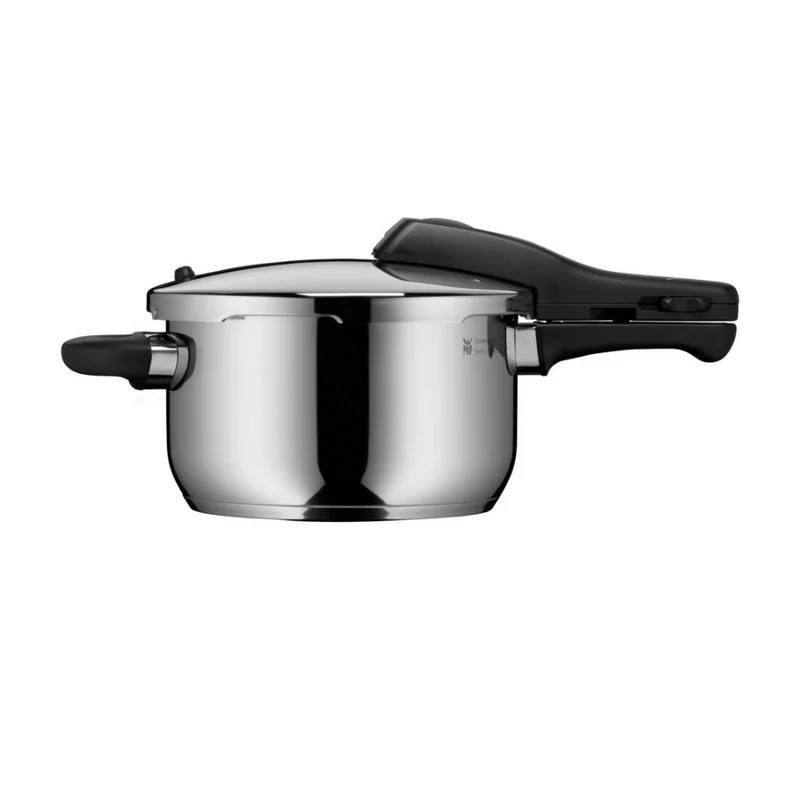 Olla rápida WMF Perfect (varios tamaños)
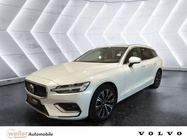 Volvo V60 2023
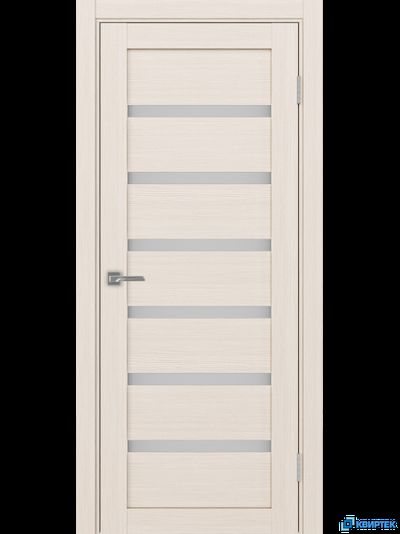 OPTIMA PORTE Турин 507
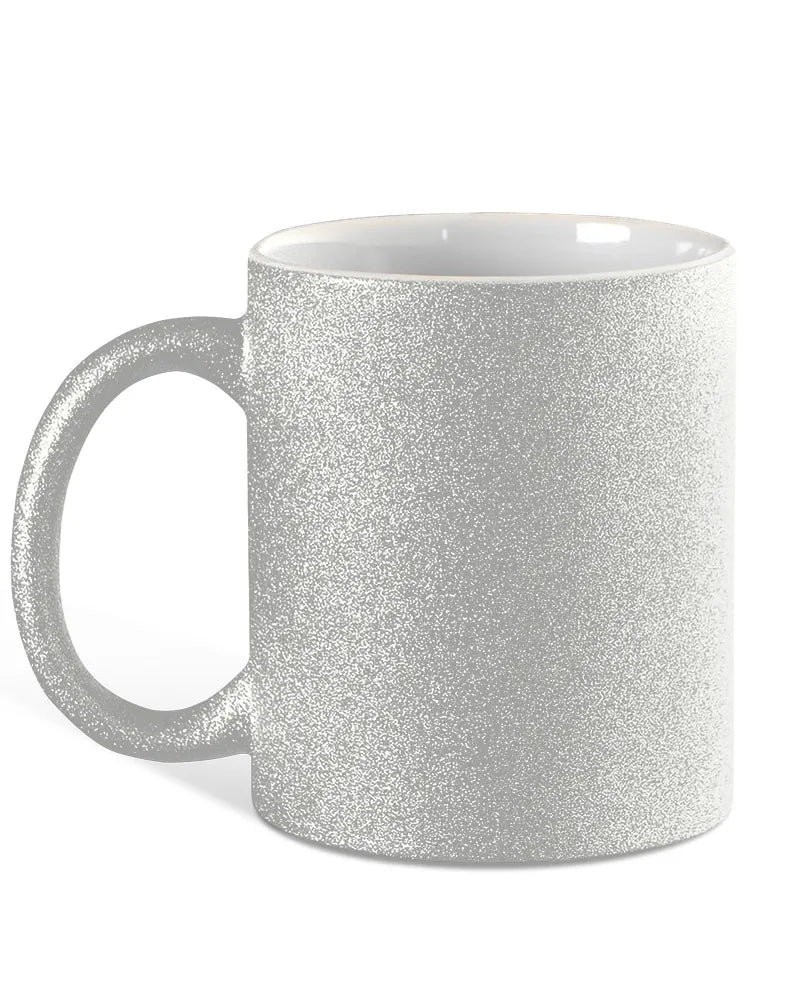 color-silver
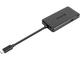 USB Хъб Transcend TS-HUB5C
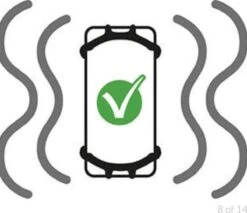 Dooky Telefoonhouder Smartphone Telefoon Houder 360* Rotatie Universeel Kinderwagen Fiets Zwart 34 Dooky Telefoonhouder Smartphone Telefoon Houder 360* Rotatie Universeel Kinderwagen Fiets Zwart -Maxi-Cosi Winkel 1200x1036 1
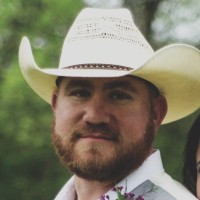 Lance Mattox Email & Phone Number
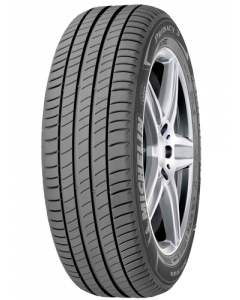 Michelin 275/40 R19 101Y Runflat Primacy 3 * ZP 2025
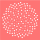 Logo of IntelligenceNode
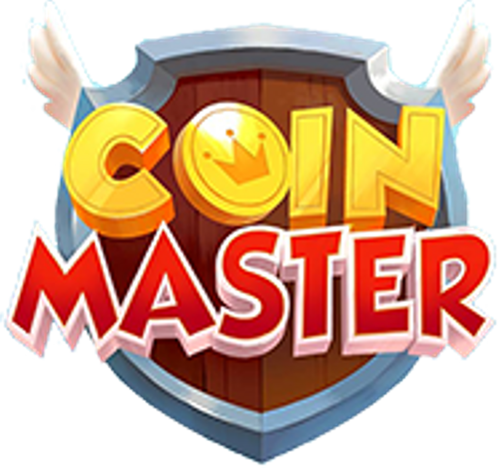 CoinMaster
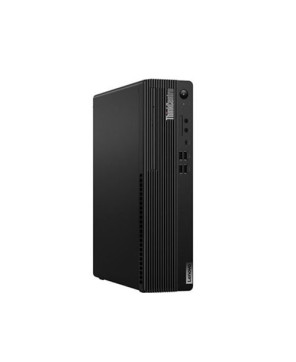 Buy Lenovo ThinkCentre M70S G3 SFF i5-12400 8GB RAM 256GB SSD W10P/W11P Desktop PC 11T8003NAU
------
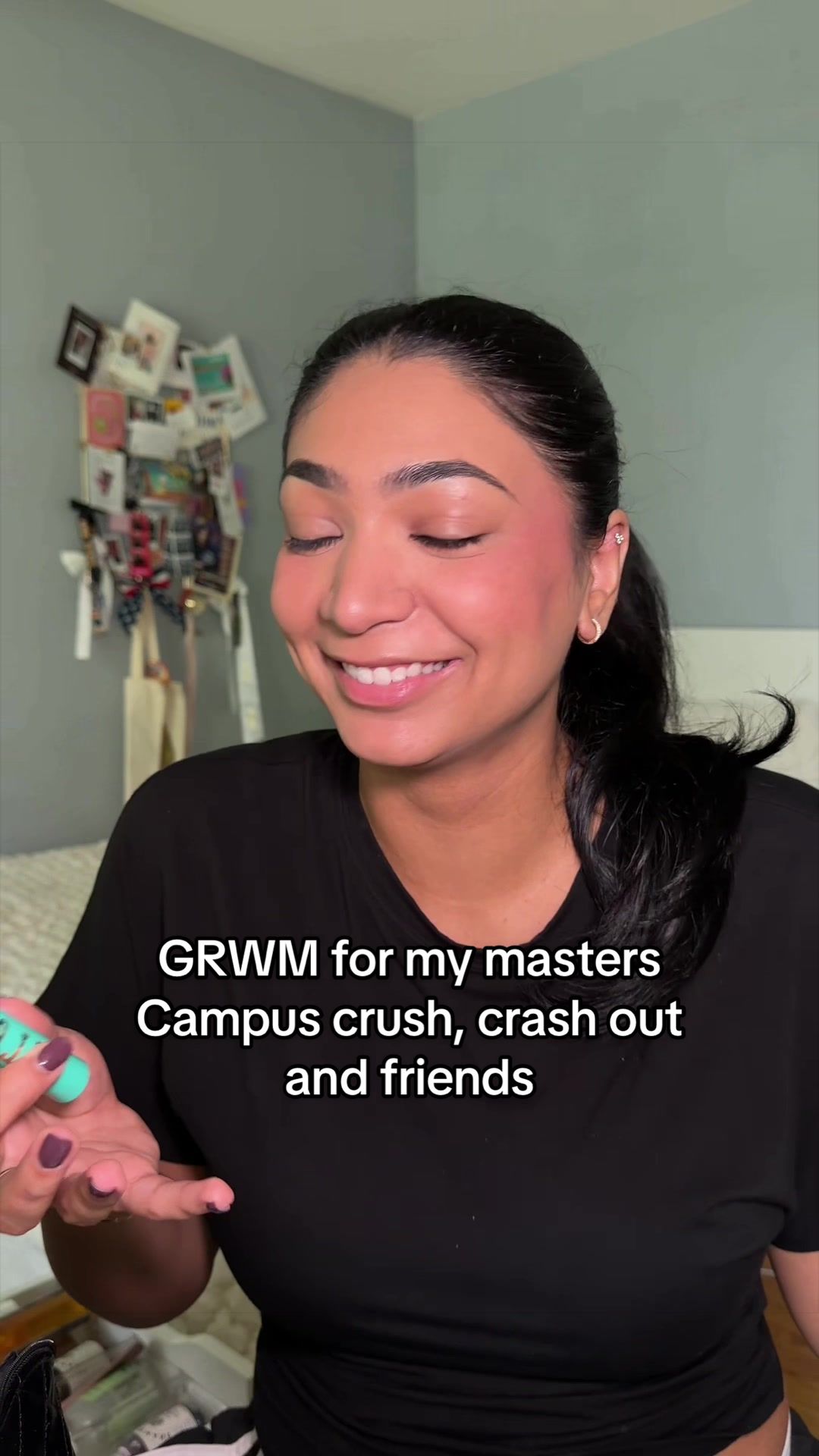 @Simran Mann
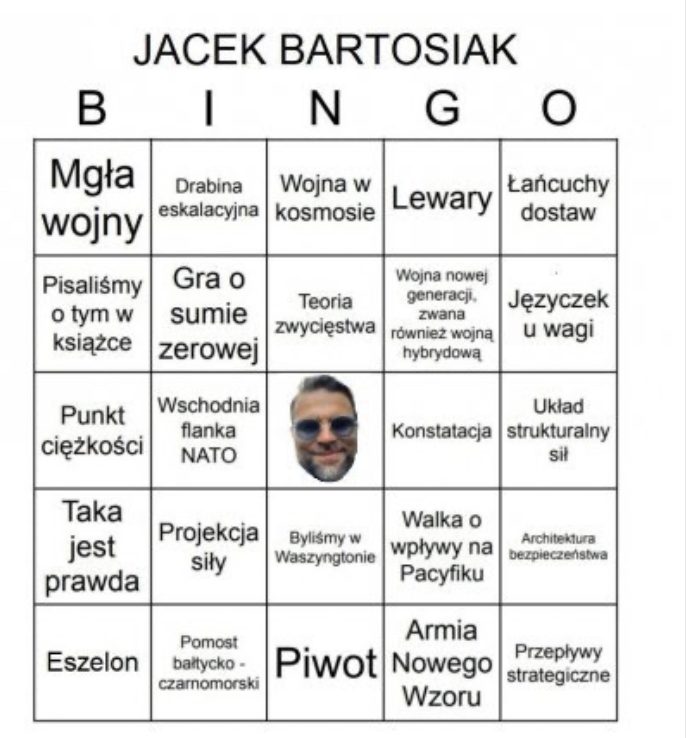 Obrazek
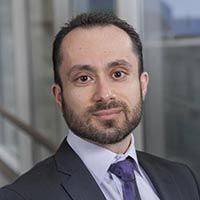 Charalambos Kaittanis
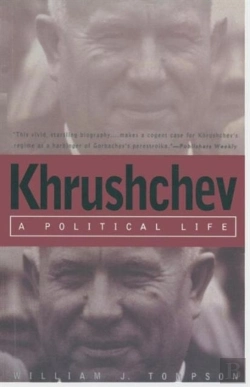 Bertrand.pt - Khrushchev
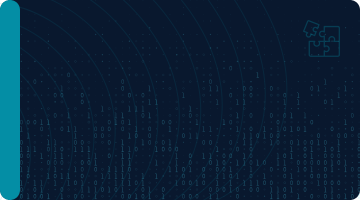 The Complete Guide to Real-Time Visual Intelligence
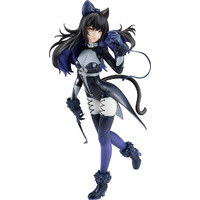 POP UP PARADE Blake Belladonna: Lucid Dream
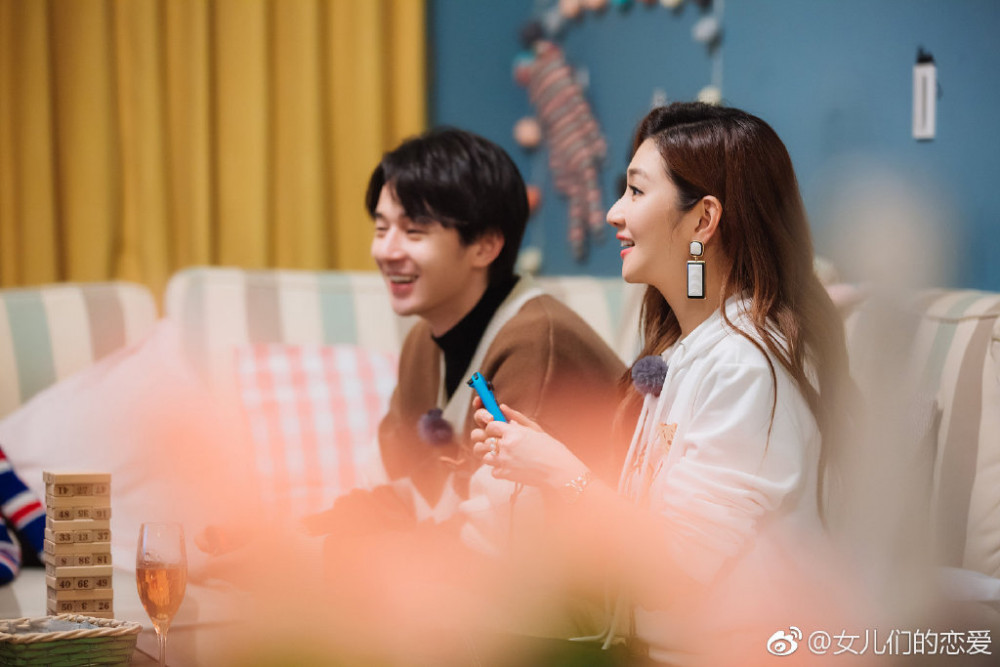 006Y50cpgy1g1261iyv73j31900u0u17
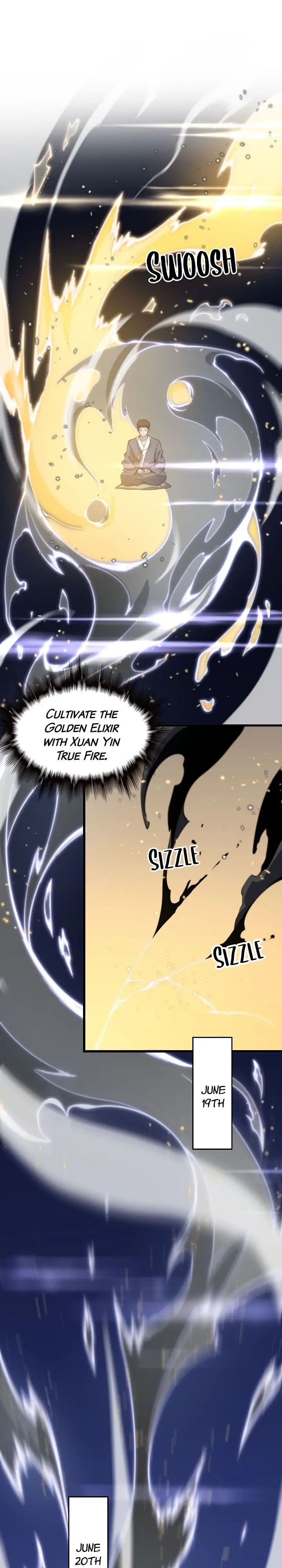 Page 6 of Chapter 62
------
- [TO DO]: Although pictures appear among the records above, write out exactly only the lines from the one that has "Olla rápida WMF Perfect (varios tamaños)" through the one that has "Buy Lenovo ThinkCentre", and leave the pictures out.

- [RESPONSE TO THE EXERCISE]:
 Olla rápida WMF Perfect (varios tamaños)
 Volvo V60 2023
 OPTIMA PORTE Турин 507
 color-silver
 USB Хъб Transcend TS-HUB5C
 Dooky Telefoonhouder Smartphone Telefoon Houder 360* Rotatie Universeel Kinderwagen Fiets Zwart 34 Dooky Telefoonhouder Smartphone Telefoon Houder 360* Rotatie Universeel Kinderwagen Fiets Zwart -Maxi-Cosi Winkel 1200x1036 1
 Lance Mattox Email & Phone Number
 Michelin 275/40 R19 101Y Runflat Primacy 3 * ZP 2025
 Logo of IntelligenceNode
 CoinMaster
 Buy Lenovo ThinkCentre M70S G3 SFF i5-12400 8GB RAM 256GB SSD W10P/W11P Desktop PC 11T8003NAU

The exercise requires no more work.